This notebook creates a combined dataset that we can use to analyse spending on storing medical records in the NHS. The notebook:

- Collects all relevant releases from the [ERIC dataset](https://digital.nhs.uk/data-and-information/publications/statistical/estates-returns-information-collection) on medical records
- Tidies the data, adds a utility column for total spending, de-duplicates trusts with the same code
- Checks the data, and joins it into a single file.

For the data definitions, see e.g. [the 'ERIC 2023/24 - Data Definitions' file here](https://digital.nhs.uk/data-and-information/publications/statistical/estates-returns-information-collection/management-information---provisional-summary-figures-for-2023-24).

In [1]:
import os
import re
from urllib.parse import unquote, urlparse

import chardet
import numpy as np
import pandas as pd
import requests

First, fetch all the CSV files from the [published ERIC collection](https://digital.nhs.uk/data-and-information/publications/statistical/estates-returns-information-collection) and store them in a local directory.

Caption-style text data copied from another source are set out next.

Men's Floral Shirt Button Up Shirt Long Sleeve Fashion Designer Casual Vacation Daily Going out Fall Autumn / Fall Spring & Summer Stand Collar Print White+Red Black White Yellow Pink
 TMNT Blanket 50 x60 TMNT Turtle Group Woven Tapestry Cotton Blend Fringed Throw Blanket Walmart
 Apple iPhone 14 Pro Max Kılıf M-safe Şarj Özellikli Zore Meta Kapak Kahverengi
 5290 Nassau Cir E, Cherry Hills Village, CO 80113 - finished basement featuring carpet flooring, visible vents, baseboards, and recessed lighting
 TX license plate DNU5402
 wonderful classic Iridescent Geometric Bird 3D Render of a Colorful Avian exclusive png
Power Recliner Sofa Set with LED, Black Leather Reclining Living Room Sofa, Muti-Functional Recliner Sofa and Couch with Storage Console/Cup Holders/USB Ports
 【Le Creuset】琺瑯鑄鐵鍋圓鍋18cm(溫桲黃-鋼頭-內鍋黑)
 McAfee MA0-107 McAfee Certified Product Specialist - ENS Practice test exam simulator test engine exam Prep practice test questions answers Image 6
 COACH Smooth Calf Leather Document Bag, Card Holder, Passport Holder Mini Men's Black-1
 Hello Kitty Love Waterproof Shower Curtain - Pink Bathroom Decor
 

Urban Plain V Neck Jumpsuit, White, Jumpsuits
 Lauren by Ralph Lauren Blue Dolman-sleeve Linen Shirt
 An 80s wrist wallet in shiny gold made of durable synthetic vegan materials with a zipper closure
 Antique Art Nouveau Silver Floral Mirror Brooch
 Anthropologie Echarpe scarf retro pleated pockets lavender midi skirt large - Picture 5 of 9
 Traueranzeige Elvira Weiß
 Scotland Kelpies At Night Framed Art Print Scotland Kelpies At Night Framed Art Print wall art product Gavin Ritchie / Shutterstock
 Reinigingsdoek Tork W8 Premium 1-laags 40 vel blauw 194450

As there are relatively few of these, we just store the links manually.

In [2]:
DATA_URLS = [
    'https://files.digital.nhs.uk/AF/F737A9/ERIC%20-%202023_24%20-%20Trust%20data.csv',
    'https://files.digital.nhs.uk/C7/C7C191/ERIC%20-%202023_24%20-%20Site%20data.csv',
    'https://files.digital.nhs.uk/FF/4DC8D8/ERIC%20-%202023_24%20-%20PFI%20data.csv',
    'https://files.digital.nhs.uk/FB/BE3AC8/ERIC%20-%20202223%20-%20Trust%20data.csv',
    'https://files.digital.nhs.uk/41/5787C9/ERIC%20-%202022_23%20-%20Site%20data.csv',
    'https://files.digital.nhs.uk/42/D5A005/ERIC%20-%202022_23%20-%20PFI%20data.csv',
    'https://files.digital.nhs.uk/08/84C46C/ERIC%20-%20202122%20-%20Trust%20data.csv',
    'https://files.digital.nhs.uk/EE/7E330D/ERIC%20-%20202122%20-%20Site%20Data%20v3.csv',
    'https://files.digital.nhs.uk/D3/D0DFD3/ERIC%20-%20202122%20-%20PFI%20data%20-%20v2.csv',
    'https://files.digital.nhs.uk/81/4A77B0/ERIC%20-%20202021%20-%20Trust%20data.csv',
    'https://files.digital.nhs.uk/0F/46F719/ERIC%20-%20202021%20-%20Site%20data%20v2.csv',
    'https://files.digital.nhs.uk/5F/4B00BC/ERIC%20-%20202021%20-%20PFI%20data.csv',
    'https://files.digital.nhs.uk/84/07227E/ERIC%20-%20201920%20-%20TrustData.csv',
    'https://files.digital.nhs.uk/11/BC1043/ERIC%20-%20201920%20-%20SiteData%20-%20v2.csv',
    'https://files.digital.nhs.uk/51/8C7C23/ERIC%20-%20201920%20-%20PFIData.csv',
    'https://files.digital.nhs.uk/83/4AF81B/ERIC%20-%20201819%20-%20TrustData%20v4.csv',
    'https://files.digital.nhs.uk/63/ADBFFF/ERIC%20-%20201819%20-%20SiteData%20v4.csv',
    'https://files.digital.nhs.uk/F6/791B8F/ERIC%20-%20201819%20-%20PFIData%20v3.csv',
    'https://files.digital.nhs.uk/1B/7C75CF/ERIC-201718-TrustData.csv',
    'https://files.digital.nhs.uk/A8/188D99/ERIC-201718-SiteData.csv',
    'https://files.digital.nhs.uk/09/928620/ERIC-201718-PFIData.csv'
]

# Fetch raw data 

Fetch files, formatting filenames consistently.

In [3]:
DATA_DIR = "./data/source/eric/"
for url in DATA_URLS:
    try:
        response = requests.get(url)
        response.raise_for_status()
        # Format filenames if necessary.
        filename = unquote(os.path.basename(urlparse(url).path))
        filename = filename.replace(" ", "-")
        if "_" in filename:
            parts = filename.split("_")
            filename = parts[0] + parts[1]
        with open(os.path.join(DATA_DIR, filename), 'wb') as f:
            f.write(response.content)
    except Exception as e:
        print(f"Failed to download {url}: {e}")

Make everything UTF-8.

In [4]:
csv_files = [f for f in os.listdir(DATA_DIR) if f.endswith('.csv')]
for filename in csv_files:
  filepath = os.path.join(DATA_DIR, filename)
  with open(filepath, 'rb') as f:
    rawdata = f.read()
  result = chardet.detect(rawdata)
  encoding = result["encoding"]
  if encoding != 'utf-8':
    try:
      with open(filepath, 'r', encoding=encoding) as f:
        data = f.read()
      with open(filepath, 'w', encoding='utf-8') as f:
        f.write(data)
    except Exception as e:
      print(f"Error converting {filename}: {e}")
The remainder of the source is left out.